Why does scipy.optimize.curve_fit produce parameters which are barely different from the guess?

Question 1

The problem you're facing is actually not due to curve_fit (or leastsq). It is due to the landscape of the objective of your optimisation problem. In your case the objective is the sum of residuals' squares, which you are trying to minimise. Now, if you look closely at your objective in a close surrounding of your initial conditions, for example using the code below, which only focuses on the first parameter:

p_ind = 0
eps = 1e-6
n_points = 100

frac_surroundings = np.linspace(p_guess[p_ind] - eps, p_guess[p_ind] + eps, n_points)

obj = []
temp_guess = p_guess.copy()
for p in frac_surroundings:
    temp_guess[0] = p
    obj.append(((grating_hist(x, *p_data) - grating_hist(x, *temp_guess))**2.0).sum())

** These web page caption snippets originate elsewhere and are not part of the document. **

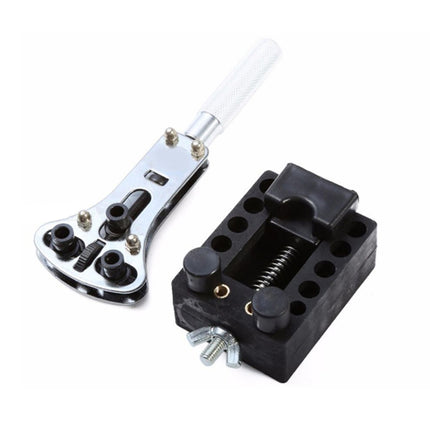 Mechanical tool set with a black component and silver wrench on a white background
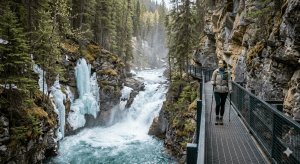 This image illustrates that traveling during the cheapest time to visit Banff (spring shoulder season) offers unique, high-value experiences like the frozen-and-thawing Johnston Canyon.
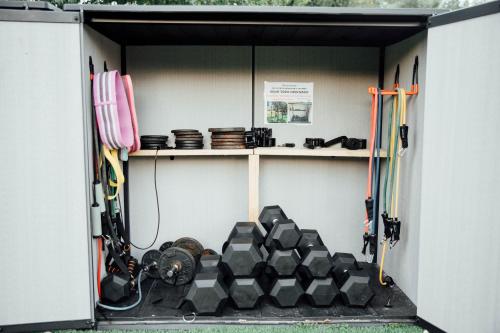 a smallshed with a bunch of equipment in it at ECOTurisme Can Buch HOTEL in Sant Aniol de Finestras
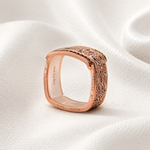 A rose gold ring with an ornate, engraved patterned band, resting on a draped white fabric background.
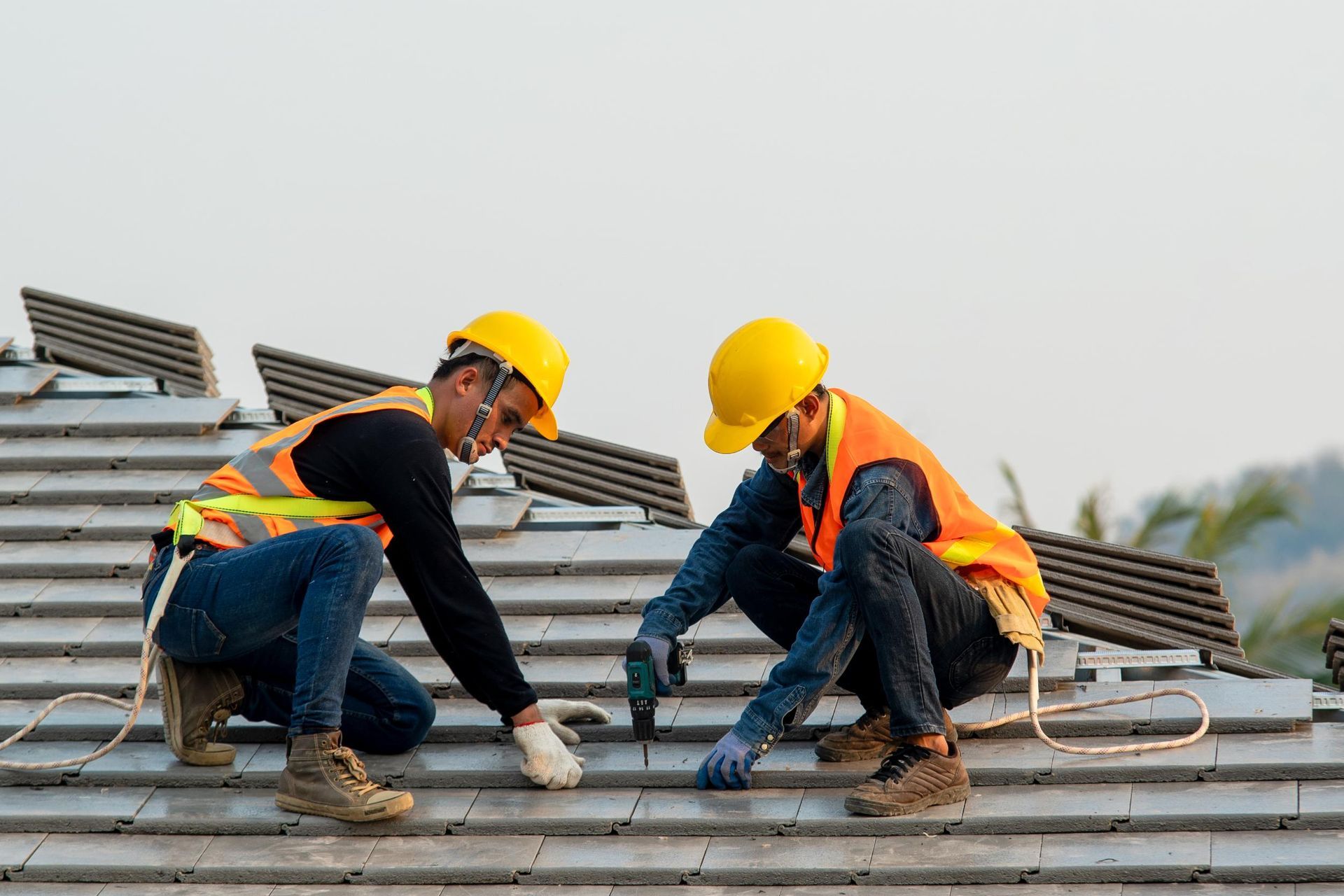 Two roofers in yellow hard hats installing metal roofing on a house rooftop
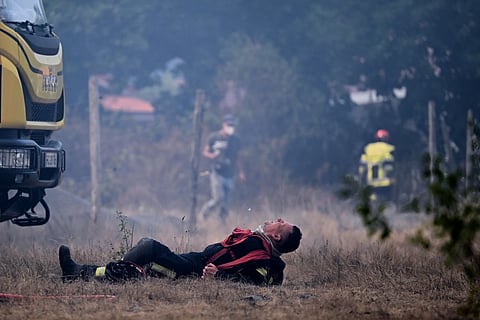 A firefighter lays on the ground after working to extinguish a fire in the forest near Blagon, during wildfires in southwestern France, Wednesday, July 29, 2026.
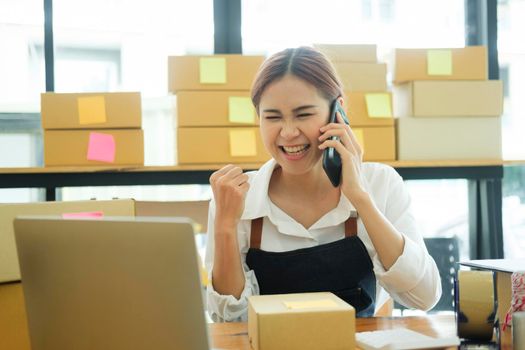 Female small online business owner talking on phone with clients with excitement and delight to recieve and check order online, address preparing to pack order boxes for delivery. Online business concept.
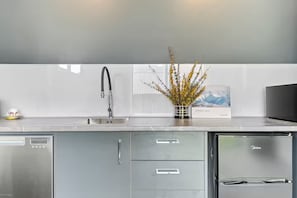 A modern kitchen with stainless steel appliances, a built-in dishwasher, and a vase with yellow flowers on the counter. - Roam & Recharge Wanaka - 1BR Luxury Suite (Wānaka)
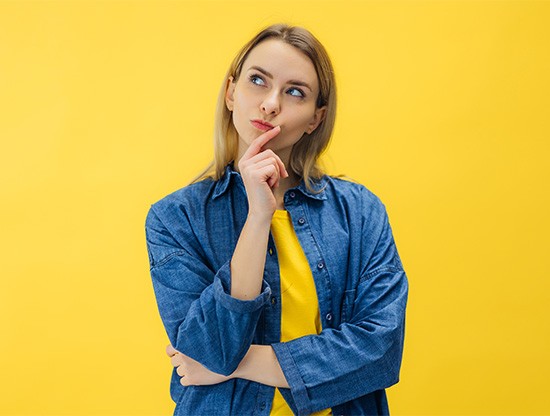 Woman in yellow t-shirt wearing curious expression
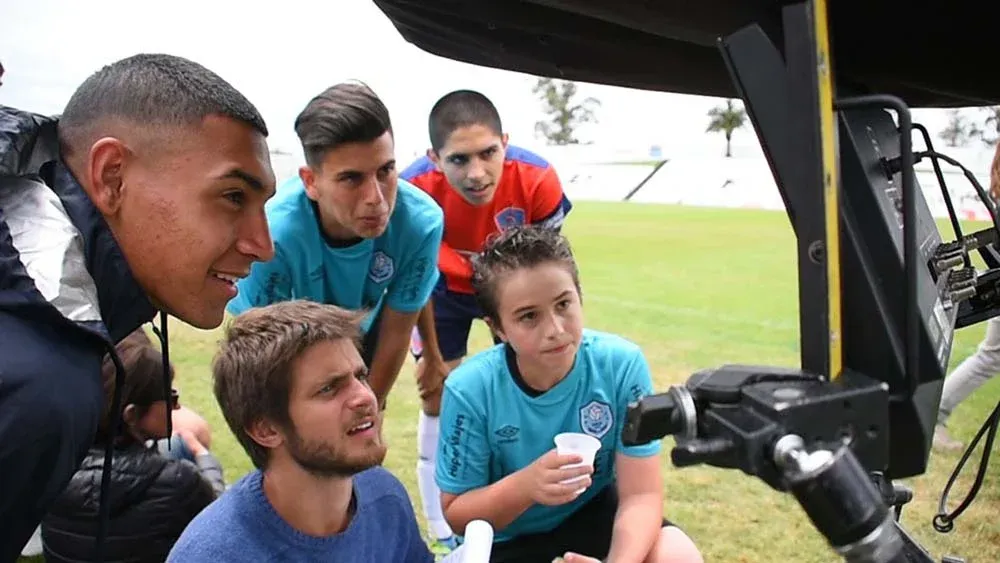 El protagonista, Facundo Campelo, y extras observan el playback de una escena recién grabada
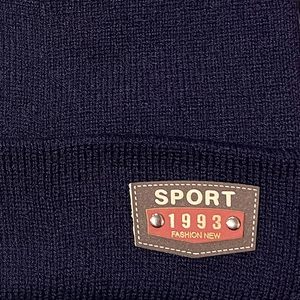 Macro shot of navy knit beanie featuring a brown faux-leather sport logo patch detail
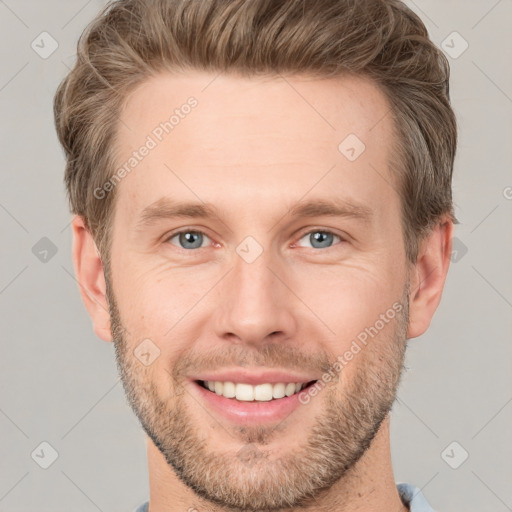 Joyful white young-adult male with short  brown hair and grey eyes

py.plot(frac_surroundings, obj)
py.show()

you will notice that the landscape is piecewise constant (you can easily check that the situation is the same for other parameters. The problem with that is that these pieces are of the order of 10^-6, whereas the initial step of the fitting procedure is somewhere around 10^-8, hence the procedure ends quickly concluding that you cannot improve from the given initial condition. You could try to fix it by changing epsfcn parameter in curve_fit, but you would quickly notice that the landscape, on top of being piecewise constant, is also very "rugged". In other words, curve_fit is simply not well suited for such a problem, which is simply difficult for gradient based methods, as it is highly non-convex. Probably, some stochastic optimisation methods could do a better job. That is, however, a different question/problem.

Question 2

I think it is a local minimum, or the algorith fails for a non trivial reason. It is far easier to fit the data to the input, instead of fitting the statistical description of the data to the statistical description of the input.

Here's a modified version of the code doing so:

z = np.linspace(0,1,20000,endpoint=True)

def grating_hist_indicator(x,frac,xmax,x0):
  #  model data to be turned into a histogram
  dx = x[1]-x[0]
  grating = np.cos(frac*np.pi*z)
  norm_grating = xmax*(grating-grating[-1])/(1-grating[-1])+x0
  return norm_grating

x = np.linspace(0,5,512)
p_data = [0.7,1.1,0.8]
pct = grating_hist(x,*p_data)

pct_indicator = grating_hist_indicator(x,*p_data)
p_guess = [1,1,1]
p_fit,pcov = curve_fit(grating_hist_indicator,x,pct_indicator,p0=p_guess)

plot(x,pct,label='Data')
plot(x,grating_hist(x,*p_fit),label='Fit')
legend()
show()